TTB’ye yapılan göz altılara yönelik eleştirilerine devam eden Melih Yalçın, “Sözünü ettiğimiz hedef gösterilme sistematiği içerisinde yakındaki hedefin kimler olacağını yakında basından izleyeceğiz ama bundan sonraki hedefin TMMOB olduğu belli. Bugün, TTB’nin yanındayız. TTB yalnız değildir. Bundan sonraki süreçte de yapmamız gereken şey yan yana durup bu gittikçe daralan çemberin faşist baskının bertaraf edilmesi konusunda bir şeyler yapmamız bir çaba harcamamız gerekiyor” açıklamalarında bulundu.

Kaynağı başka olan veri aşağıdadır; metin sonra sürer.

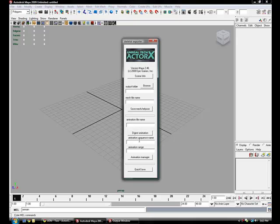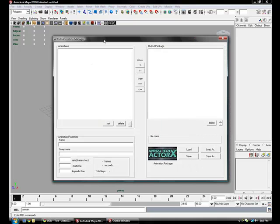The animation filename is the filename for where all your animations are going to be stored. The animation sequence name is for each individual animation file. The range will be for what keyframes are going to be saved in that animation sequence. Digesting it plays it through and saves it into the sequence. And then the animation manager allows you to edit, so I'll do that in another video.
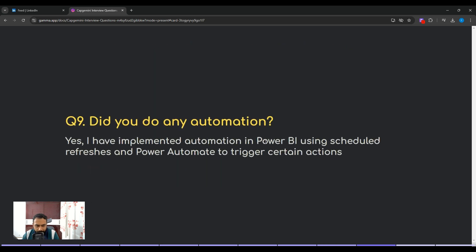The next question: did you do any automation? You can answer: yes, I have implemented automation in Power BI using scheduled refreshes and Power Automate to trigger certain actions. For example, you can use Power Automate to trigger emails when some action has been performed on the database. You can also set scheduled refreshes and configure alerts in the Power BI service.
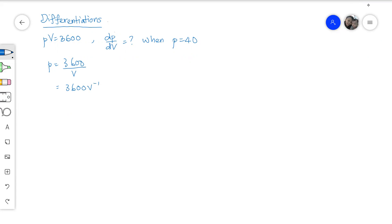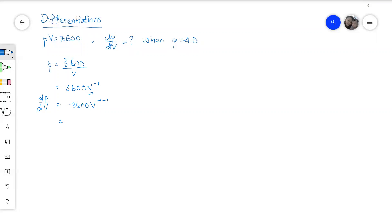And from here, we can now differentiate the P with respect to V. So we just put down the power and multiply to the terms and then subtract 1 from the original power of V. So we will have negative 3600 V to the power of negative 2 in which we write it in the positive index form.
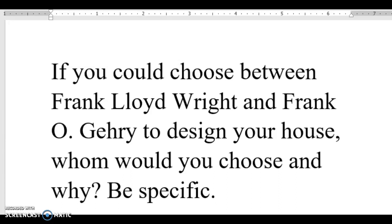Frank O. Gehry to design your house, whom would you choose and why? Out of these two architects, the person I would choose to design my house would be Frank Lloyd Wright. Some of the reasons why I chose Wright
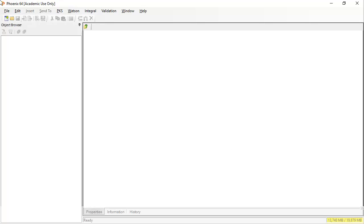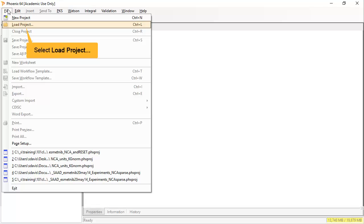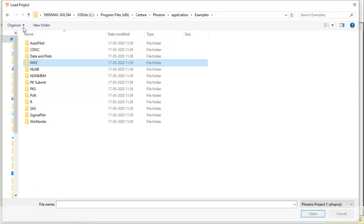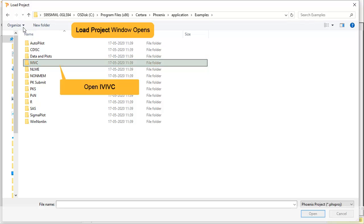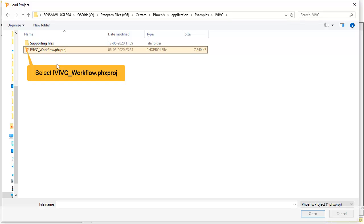When first opened, the Phoenix workspace is empty. To get started, one can either load an existing project or create a new project. In this tutorial, we will load an existing project that is shipped with the software. Browse to the examples folder and open IVIVC, then select the IVIVC workflow project.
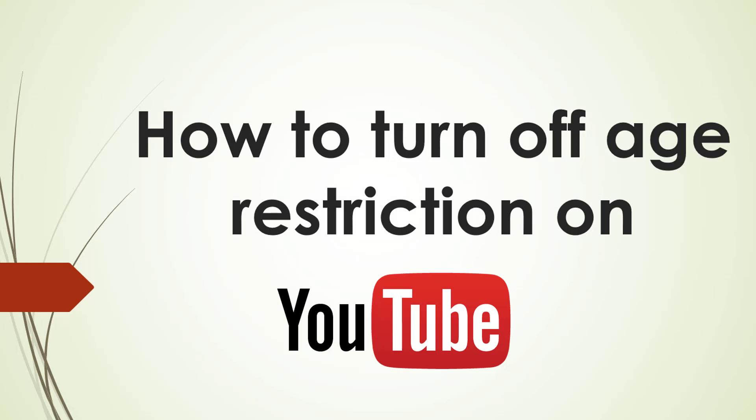Hi guys! In this video, I will show you how to turn off age restriction on YouTube on your PC or laptop.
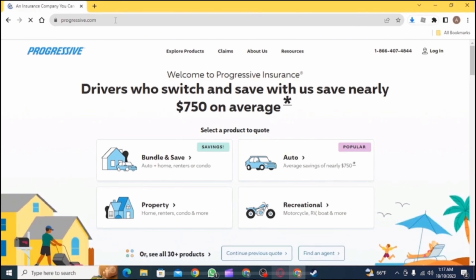After opening the Chrome browser, go to the search bar on the top. On the search bar, you need to type in progressive.com. Also, if you don't want to use Google Chrome, then you can use any other web browser of your choice.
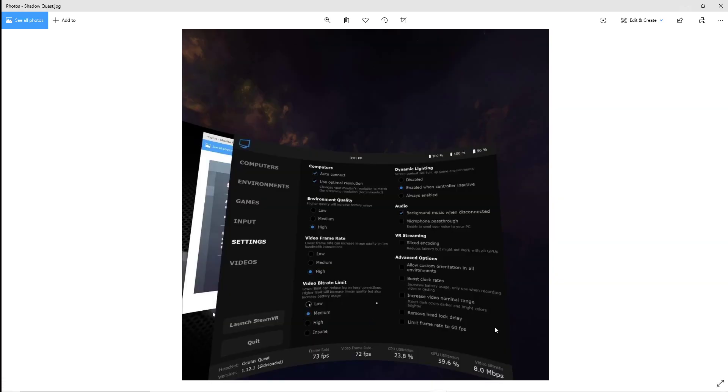Your final settings are to open this inside the Quest. Now inside the Quest, as you can see at the bottom there, version 1.12.1 sideloader. You can see your bitrate. Make that medium. Make sure you change that to medium, everything else high.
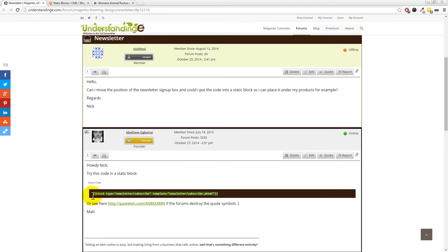Let's go and copy that code. We've got block type newsletter/subscribe, and then the template. It's worth noting that you do have the template file in here, so if you are using a child theme for Magento, you can customize these options even further if you wish to. We're not going to cover that in the tutorial — we're just going to keep it copy and paste easy. So let's right click and copy that code, and let's go across to our Magento website.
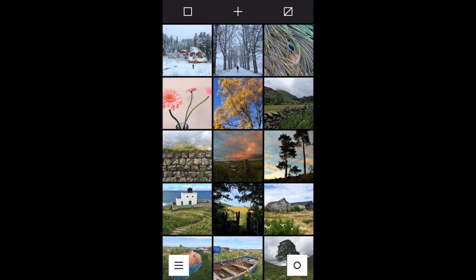Hi, this is Kate and in this video you'll learn how to edit your photos in the VSCO app using both presets and the manual image adjustment tools.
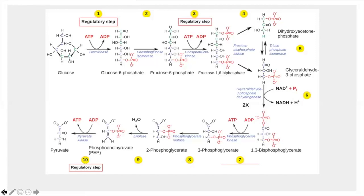From Step 6 onward, all reactions are multiplied by two since we have two G3P molecules. Step 6 is an oxidation reaction: glyceraldehyde-3-phosphate dehydrogenase oxidizes G3P and adds an inorganic phosphate (not ATP) to produce 1,3-bisphosphoglycerate and NADH. This molecule has extreme repulsion from electronegative atoms on all sides, storing tremendous potential energy. It is highly unstable and readily releases energy when the phosphate bond is broken.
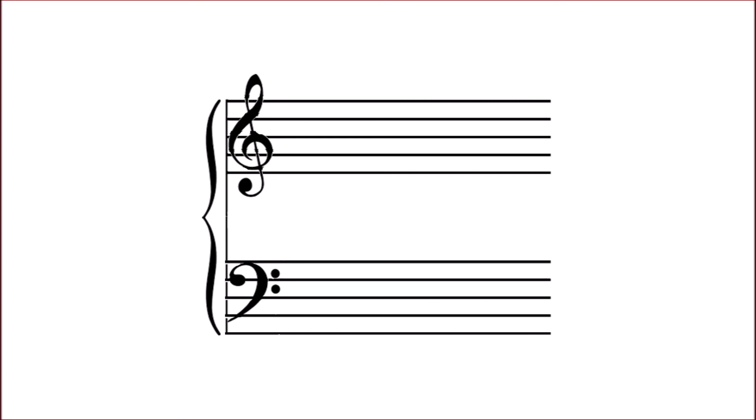And there's the grand staff! A convenient system for notating the piano's large range of pitches.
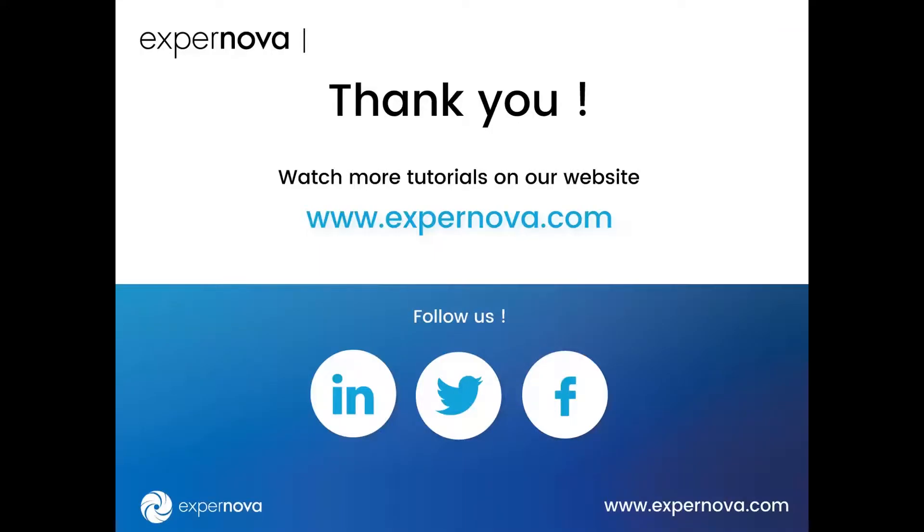Thanks for watching. Watch more tutorials on expertnova.com and follow us on social networks.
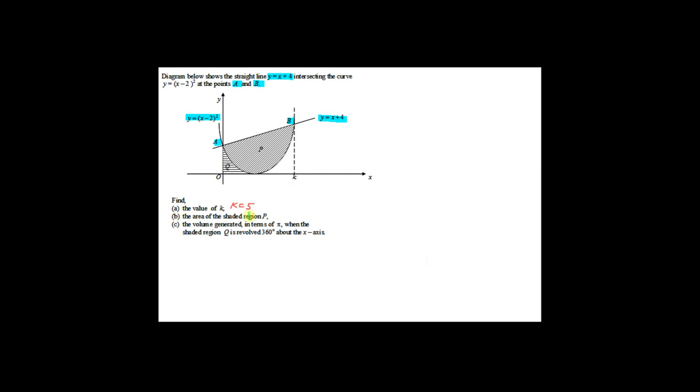Now we move on to Part B — find the area of the shaded region P. Looking at the diagram, the region bounded by O, A, B and this point forms a trapezium. To find the area of shaded region P, we use the area of the trapezium minus the area under the curve.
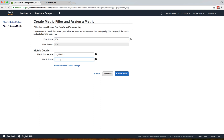The metric name we can call '404 Metric,' and the namespace will be 'Log Metrics.' So it will create a namespace called Log Metrics, and inside it will create a metric called 404 Metric. We've seen what a namespace is and what a metric is.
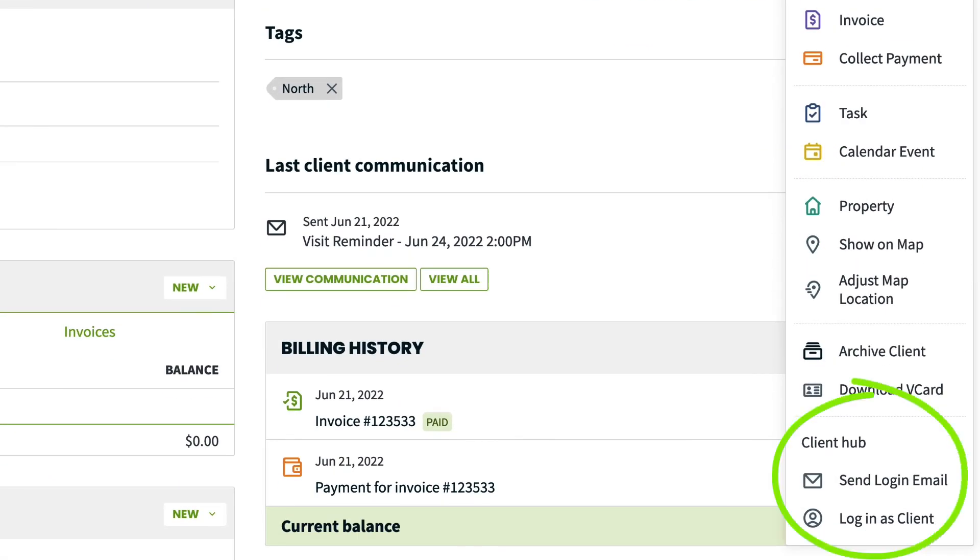There are a couple options here for Client Hub. You can send your clients Client Hub login email or login as the client to view what they will see in Client Hub.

‘TTB DÜNYANIN HER YERİNDE SAVAŞA KARŞI ÇIKMIŞ BİR KURUMDUR’

Türkiye’de 150 bin üyesi bulunan ve 623 sayılı kanunla kurulan TTB’nin 11 üyesinin teröre destek verme iddiaları ile sabaha karşı gözaltına alındığına dikkat çeken Sağlık ve Sosyal Hizmet Emekçileri Sendikası İzmir Eş Şube Başkanı ve TTB merkez konseyi eski üyesi Fatih Sürenkök ise “Türk Tabipler Birliği sadece bugün değil her zaman idama ve teröre de karşı çıkmıştır. Bugün TTB, gerek yurtta gerekse çevre coğrafyalarında gerekse dünyanın da her yerinde savaşa karşı çıkmış bir kurumdur ve bu görevi edinmiştir. TTB Merkez Yürütme Konseyi 24 Ocak Çarşamba günü ‘Biz hekimler uyarıyoruz. Savaş bir hak sağlığı sorunudur…’ şeklinde bir açıklama yaptık.  Bunu okuduğumuz zaman, terör acaba bunun neresinde ve hangi alt akılla terörü destekledi ve teröre destek verdi diye düşünsek de bulamayacağız” diye konuştu.

SÜRENKÖK: ‘TTB’NİN SAVUNDUĞU DEĞERLERİ AYNEN SAVUNUYORUM’

Fatih Sürenkök, sosyal medya üzerinden yapılan linç kampanyalarına ilişkin ise “Ciddi bir şekilde sosyal medya üzerinden bir karşı kampanya açıldı ve bu kampanyaya maalesef ki devletin üst düzey yöneticileri de dâhil oldular ve arkasından soruşturma açılması gerekliliği söylenir haline geldi. Buna kimi tabip odaları kimi hekimlik ile alakası olduğu adı altında yer alan bazı dernekler de dâhil oldular. TTB hakkında soruşturma açılmasını ve yöneticilerin görevden alınmasına dair kampanya hakkında hızla çoğaltıldı. Evrensel hekimlik değerlerini savunan ve hipokrat yemini etmiş bir hekim gibi TTB Merkez Yürütme Konseyi de kişisel ve kurumsal olarak görevlerini yerine getirmişlerdir. Hekimlik değerleri bunun tersini suç sayar. Eğer TTB merkez konseyi bunun tersinde bir işlem yapmış olsaydı yüksek bir kurul tarafından yargılanırdı. TTB’nin savunduğu değerleri aynen savunuyorum ve onlara yapılan bu hukuk dışı uygulamaları kınıyorum” diyerek konuşmasını tamamladı.